For the month of November, the two Composites declined 0.1 percent. After nine consecutive months of gains, this marks the first decrease since November 2012. Nine out of 20 cities recorded positive monthly returns; of these nine, Boston and Cleveland were the only cities not in the Sun Belt. Minneapolis and San Diego remained relatively flat. After declining last month, Dallas edged up to set a new index high. Denver is 0.6 percent off of its highest level due to two consecutive months of declines.
“Home prices continue to rise despite last May’s jump in mortgage interest rates,” said David M. Blitzer, Chairman of the Index Committee at S&P Dow Jones Indices. “Mortgage applications for purchase were up in recent weeks confirming home builders’ optimism shown by the NAHB survey. Combined with low inflation, 1.5 percent in 2013, homeowners are enjoying real appreciation and rising equity values. While housing will make further contributions to the economy in 2014, the pace of price gains is likely to slow during the year.”
The chart above shows the index levels for the 10-City and 20-City Composite Indices. As of November 2013, average home prices across the U.S. are back to their mid-2004 levels. Measured from their June/July 2006 peaks, the peak-to-current decline for both Composites is approximately 20 percent. The recovery from the March 2012 lows is 23 percent and 23.7 percent for the 10-City and 20-City Composites.
Nine cities showed price increases from October to November.
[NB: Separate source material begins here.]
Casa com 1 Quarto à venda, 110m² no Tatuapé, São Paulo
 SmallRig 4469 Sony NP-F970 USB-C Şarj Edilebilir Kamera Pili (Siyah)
Miami took the lead with a gain of 1.4 percent and Las Vegas, the previous leader, followed at +0.6 percent. Chicago experienced the largest decline of 1.2 percent. Nine MSAs showed acceleration as measured by their monthly returns–Boston, Cleveland and San Francisco showed returns that were over 50 basis points higher in November compared to October. Last month after experiencing its first decline in 19 months, San Francisco rebounded to positive territory with a 0.4 percent gain in November. Las Vegas, Los Angeles, Miami, Phoenix and Tampa are the only cities that recorded positive gains for 12 or more consecutive months.
“When we look at prices through a more holistic lens, we see a healthy yearly increase in prices and the telling signs of a healthy housing market," said Quicken Loans Vice President Bill Banfield. "Home prices may be leveling off, but this slowdown quells all fears of a bubble, while the annual increases can encourage owners to list their home.”
Boston, Chicago, Cleveland, Dallas, Las Vegas, Miami, New York, Tampa and Washington were the nine cities to accelerate on an annual basis. Boston showed an annual rate of 9.8 percent, an improvement of 1.2 percentage points from last month. Cleveland and New York followed with November year-over-year returns of six percent compared to 4.9 percent for October. Despite the improvement, Cleveland and New York remain the two lowest ranked cities.